Several elections came extremely close to completion (15/16 signatures) but the community became concerned with the time it was taking. Although a majority of the group was running the new release, not all of the members had upgraded and the new group members were either unable to complete the DKG because they were offline and/or not on the updated threshold cryptography curve. Eventually it was decided that while the arm64 Docker container was going out, that alone was not enough to solve the problem in a reasonable time.
With long elections, there are 2 issues that cause concern: the size of the rewards (and the calculation complexity) and routers running out of state channels. The first issue led to a quick realization that even if things were to eventually resolve, the resulting rewards block could have been so large that it would not be computable/absorbable on some of the older Hotspot hardware. Secondly, the number of state channels a router can run in an epoch is limited, so extremely long elections can lead to state channel exhaustion, which leads to routers being unable to open more state channels, which eventually leads to disruption of the IoT packet routing. Both of these concerns led to the decision to use a rescue block to resolve the situation.
Lessons and Prevention
While this situation was somewhat unique, there are definitely some lessons to learn:
- The arm64 Docker image build needs to be more reliable (this work is already in progress)
- Rescue blocks need to have some facility for including rewards in the future
- If a complicated upgrade must be done again (which is not foreseeable), a better schedule should be set up for it and with a clear contingency plan
The validators branch that is planned to be deployed to Mainnet soon includes several improvements that will help with reliability in these kinds of cases, and several more improvements are in-progress and will be incorporated into the final release of that feature.
Rewards and Total HNT Supply
Understandably, one may wonder what happened to the rewards during the 450 blocks of the Rescue Block exercise. The short answer is that they were never minted. Since they were never mined, this will decrease the total supply of HNT, as described in HIP-20, by 52,000.
While the community is working on mitigating the effects of lapses like this, the nature of blockchains is that the past is immutable and all participants were uniformly affected. Although some short-term pain was felt by participants in the network during the outage, this event should have a minimal long-term economic impact to the network.
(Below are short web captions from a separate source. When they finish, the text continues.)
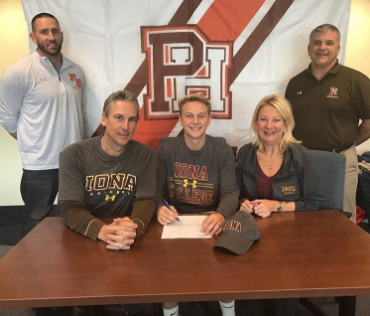 Hills Senior Paul Sullivan Commits to Iona College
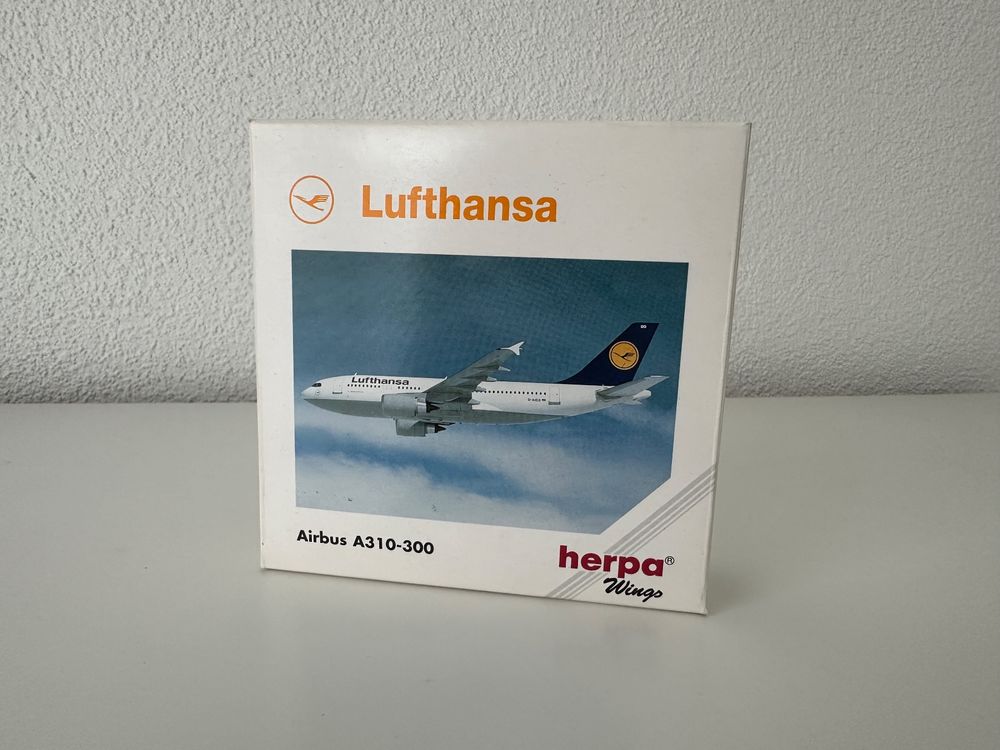 Herpa 1/500 CSA Czech Airlines A310-300 RARE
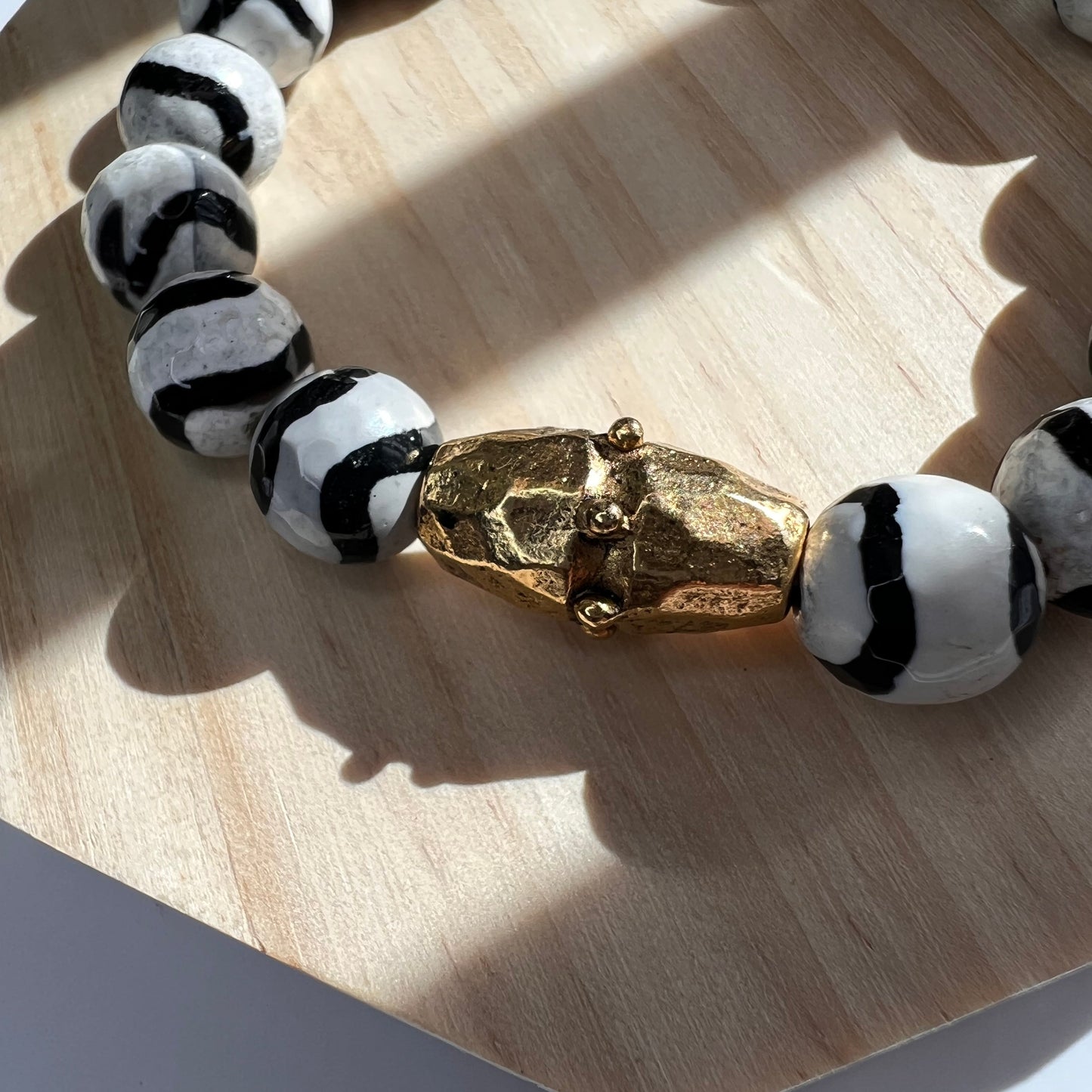 Tibetan Agate Stone Bracelet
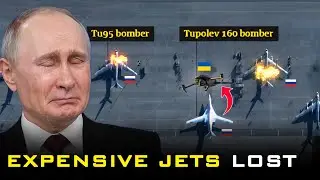 Российская авиабаза атакована! Уничтожены дорогостоящие самолёты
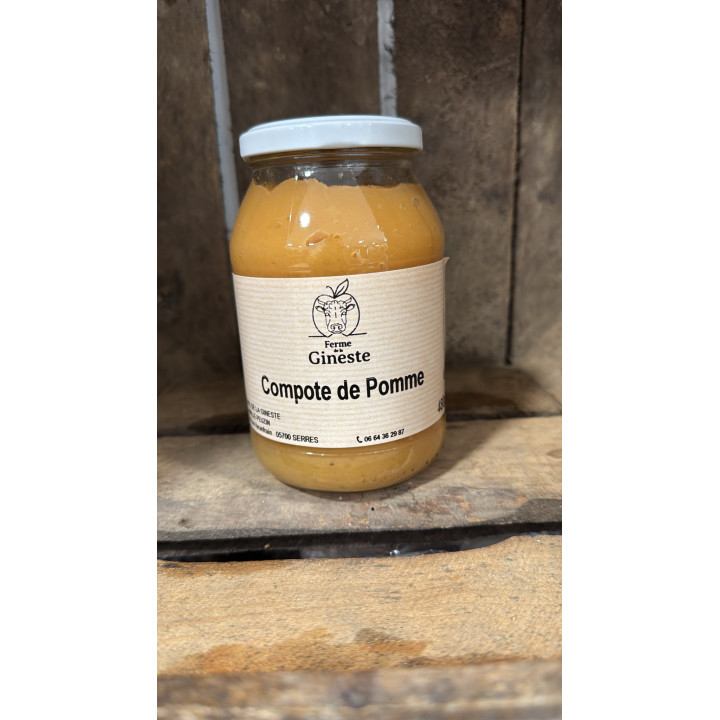 Compote de pomme - Les Pieds dans l'Champs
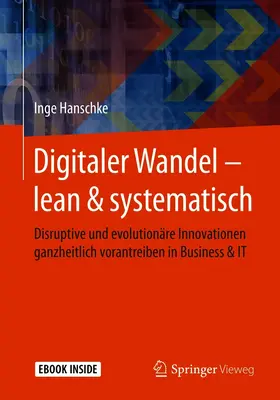 Hanschke |  Digitaler Wandel – lean & systematisch | eBook | Sack Fachmedien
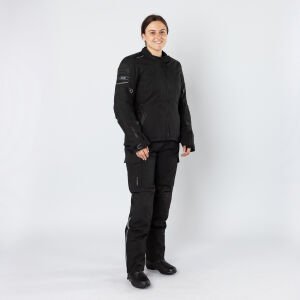 IXS Space-ST+ Su Geçirmez Motosiklet Pantolonu Siyah - 2XL - Erkek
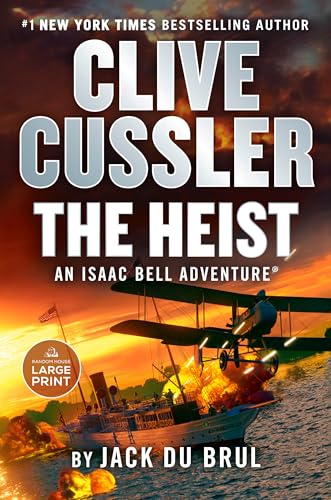 The Heist by Du Brul, Jack B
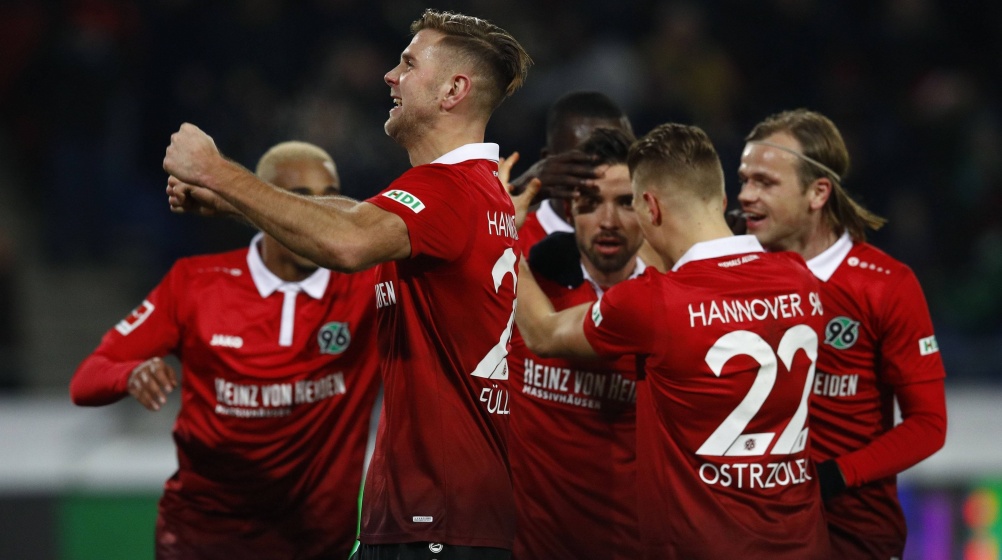 Spätes Füllkrug-Tor lässt Hannover jubeln - Schalke verpasst Sprung auf Platz zwei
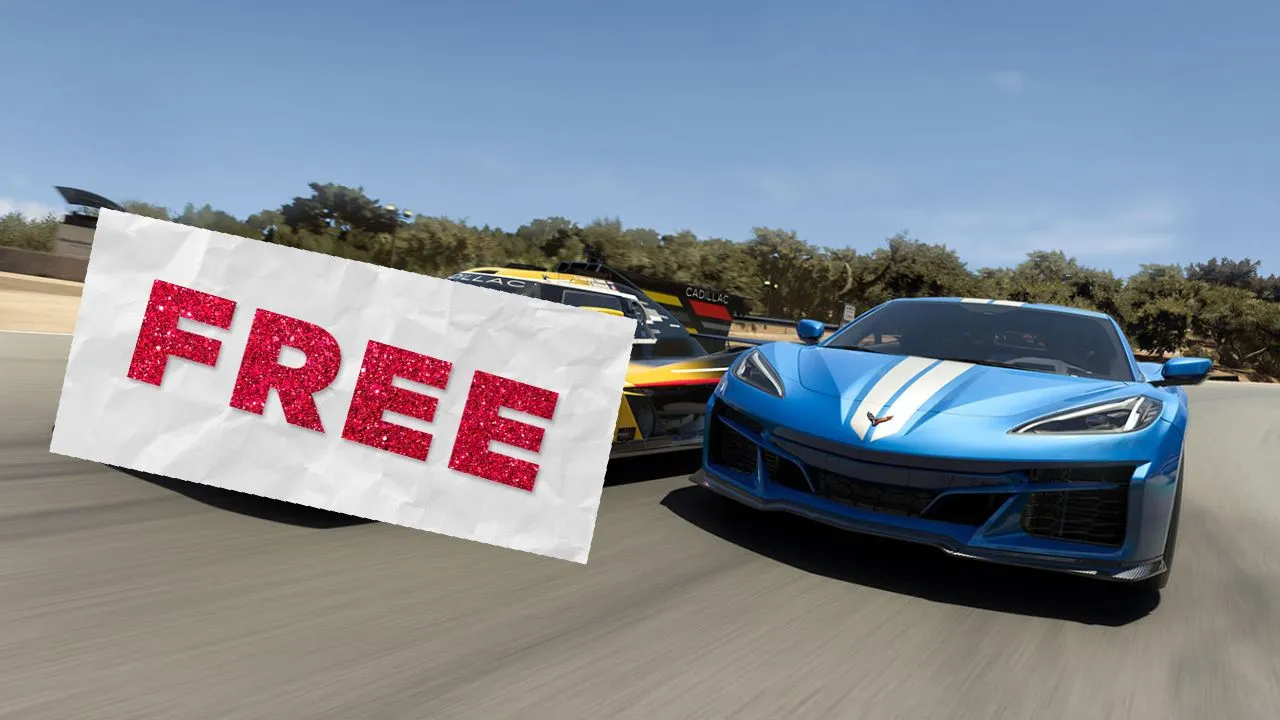 Prezent dla graczy Forza Motorsport. Odbierz kosmicznie szybki samochód za darmo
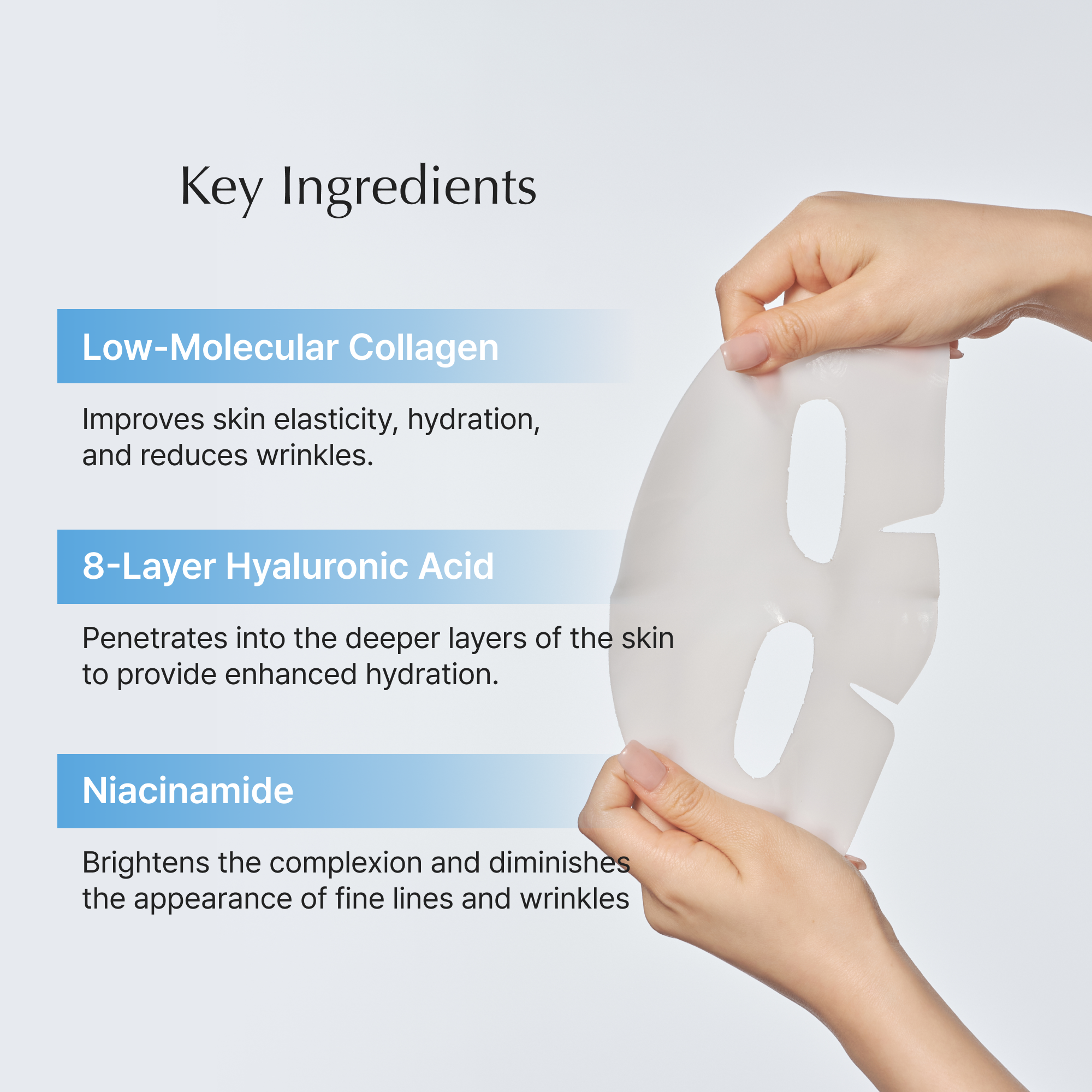 Lepique - Vendita all'ingrosso Maschera viso - [SCELTA DI AMAZON] Maschera al Collagene Miracolosa Lepique 42g x 4 pezzi4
We’d like to thank the Decentralized Wireless Alliance and several members of the community and core developers for working through the night to diagnose and resolve this issue quickly. Decentralized coordination is not easy. Swift action helped contain and resolve this issue in a timely manner.
While this event was evidence of growing pains, the network is back to operating properly, flowing IoT data, and growing at a rapid clip.